13.3 Smuggling on the Moon: the Sieger covers

Scott, Worden and Irwin, the crew of the Apollo 15 flight (Figure 13.3-1), secretly took to the Moon, in one of Scott’s spacesuit pockets, 398 postmarked envelopes in addition to the 243 authorized by NASA for commemorative philatelical purposes.

Figure 13.3-1. David Scott, Alfred Worden and James Irwin with the subsatellite that they placed in lunar orbit during Apollo 15. NASA photo AP15-S71-22401.

They did this on behalf of H. Walter Eiermann, who in turn was working for a German stamp collector, Hermann Sieger. The agreement was that one hundred of these undeclared envelopes (known as covers by collectors) would be sold by the astronauts to Eiermann for 7,000 dollars, deposited on a foreign account for each astronaut, while the other 298 would be kept by the crew as souvenirs. The agreement also included the provision that the Eiermann/Sieger covers would not be sold until the Apollo program was over.
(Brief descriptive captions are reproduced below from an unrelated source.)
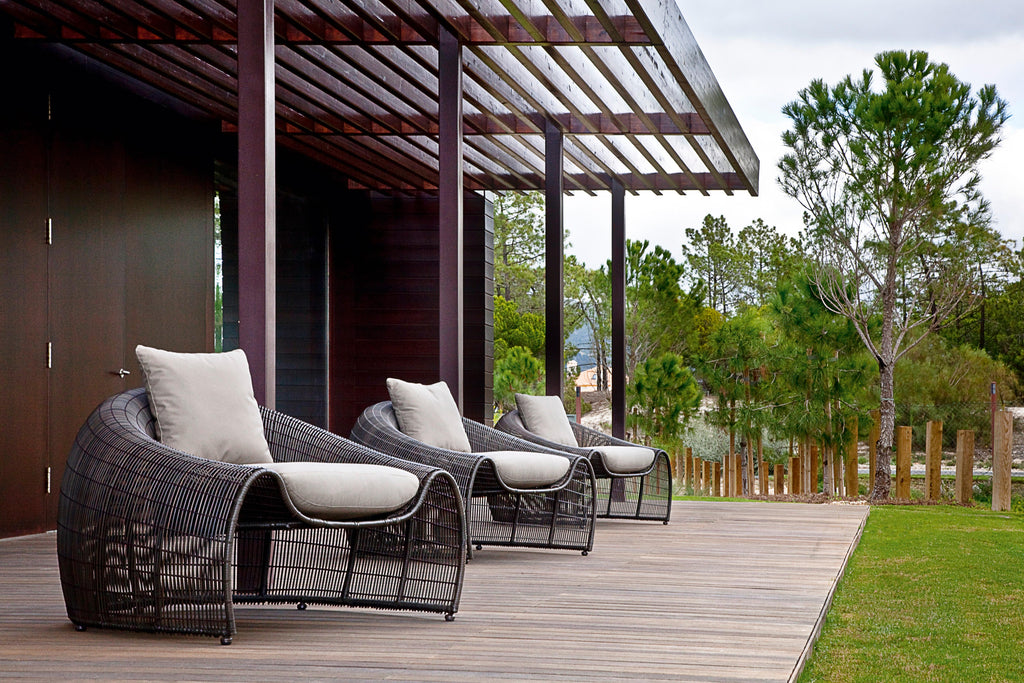 https://a.1stdibscdn.com/outdoor-croissant-easy-armchair-by-kenneth-cobonpue-for-sale-picture-7/f_12192/f_328103921676567437295/Croissant_Setting_03_master.jpg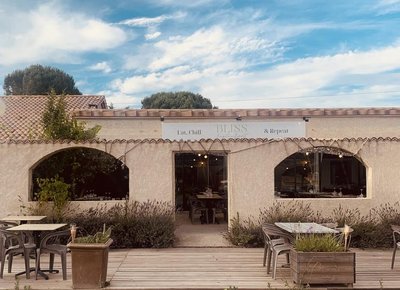 Devant restaurant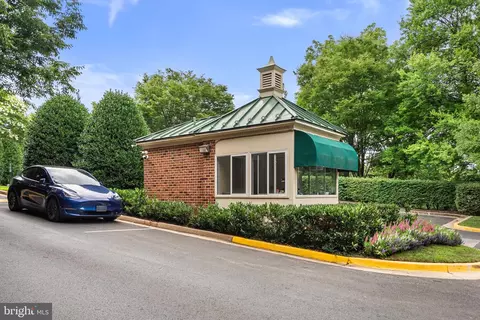 Exterior - 3203 Sutton Pl NW #C, Washington, DC 20016 photo 5 of 8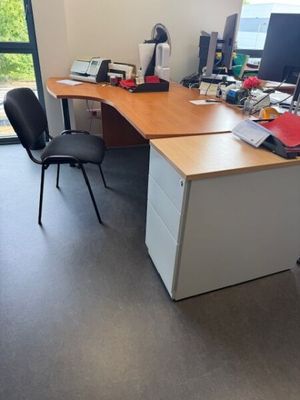 un bureau avec une chaise et un ordinateur dessus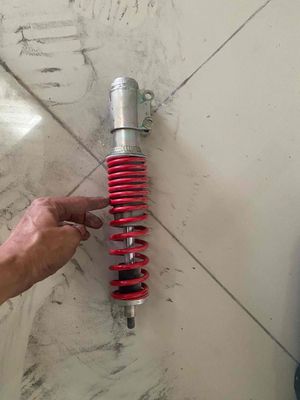 Phuộc Vespa Sprint Đỏ Bạc Đã sử dụng. Mua bán Phụ tùng xe tại Quận Cái Răng Cần Thơ được đăng bởi toàn
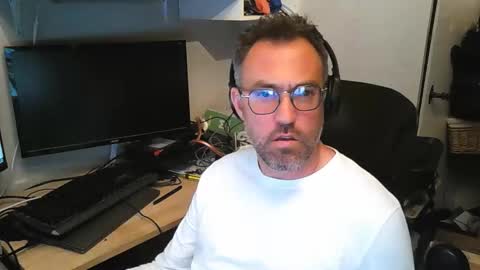 kelvin06133 online show from April 14, 11:33 pm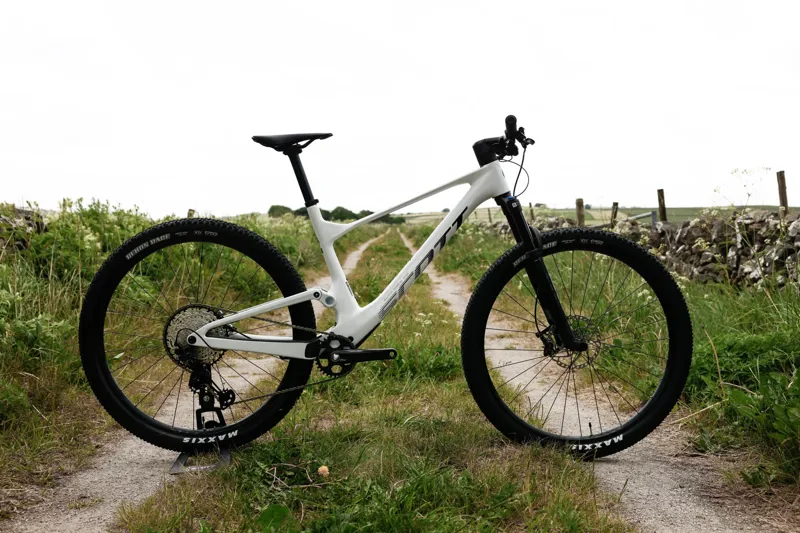 Scott Spark RC Team Mountain Bike in White-1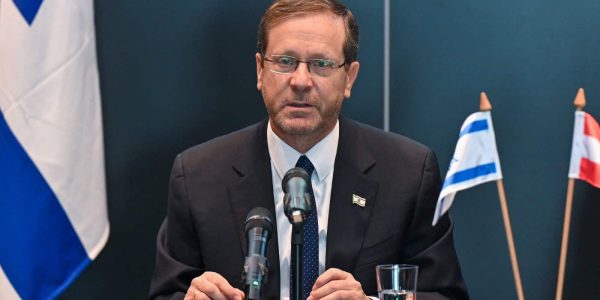הרצוג נואם בפני הקהילה היהודית באוסטריה. צילום: קובי גדעון/ לע"מ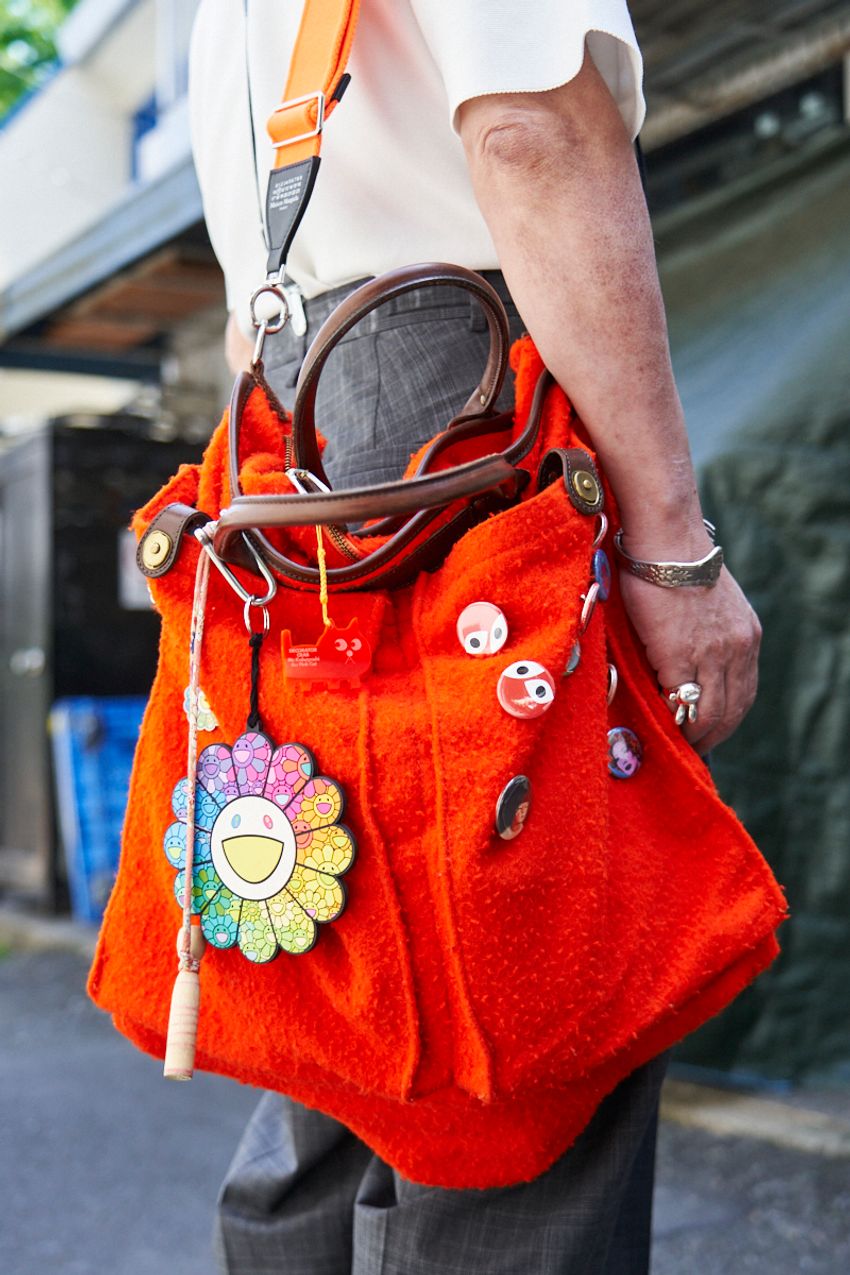 トレンドの“肩掛けバッグ”、街の洒落者たちはどのブランドを使ってる？スナップで調査してみた！ - 5枚目の画像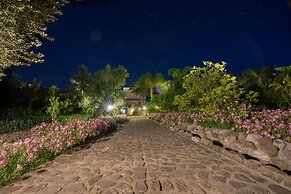Zoe Seaside Resort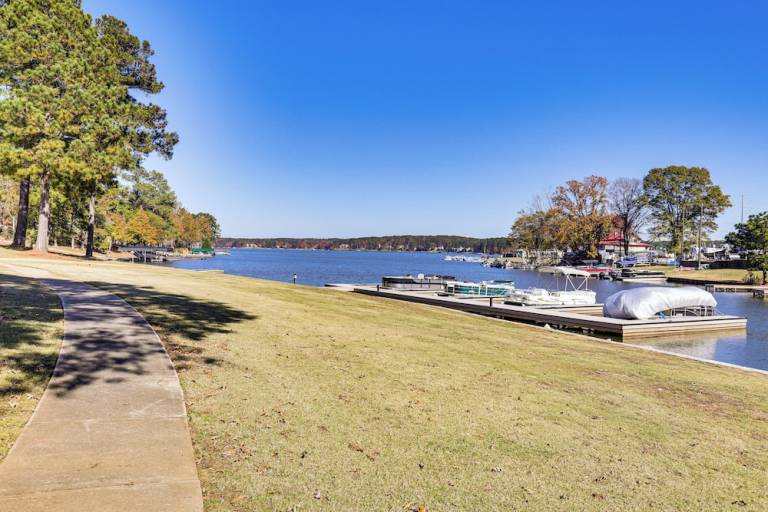Apartment Eatonton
Figure 13.3-2. A picture of one of the envelopes taken to the Moon by Apollo 15. Credit: Wikimedia.

Eiermann, however, sold his covers to Sieger, who put them on public sale shortly after the Apollo 15 flight. This led to a public scandal and a congressional inquiry that also involved Jack Swigert (Apollo 13), as financial gain from the flights by the Apollo crews was not permitted. The Apollo 15 crew returned their 7,000 dollars, but Swigert, Scott and Worden were removed from service as astronauts and Irwin left NASA to start religious preaching.

It should be noted that NASA wrote rules regarding what astronauts could take with them to space, and made it clear that flown items could not be sold but only donated, only after this incident.

These rules were strikingly different from the treatment reserved for Mercury astronauts, who were allowed to share a 500,000-dollar contract for exclusive coverage by the Time-Life magazine group.

Figure 13.3-3. A letter from the DeOrsey and Thompson law office, giving the first installment from Life Magazine to the seven Mercury astronauts in 1960. Credit: Icollector.

Moreover, although it is commonly believed that Apollo astronauts were generously paid for their spaceflights, in actual fact they only received standard military salaries. Accordingly, they often tried to provide some kind of financial security to their families in case of death, for example by signing items which would be auctioned off to collectors by their spouses. If they survived, they could receive consulting fees, be paid for public appearances or sell their autobiographies, but only after retiring from active service.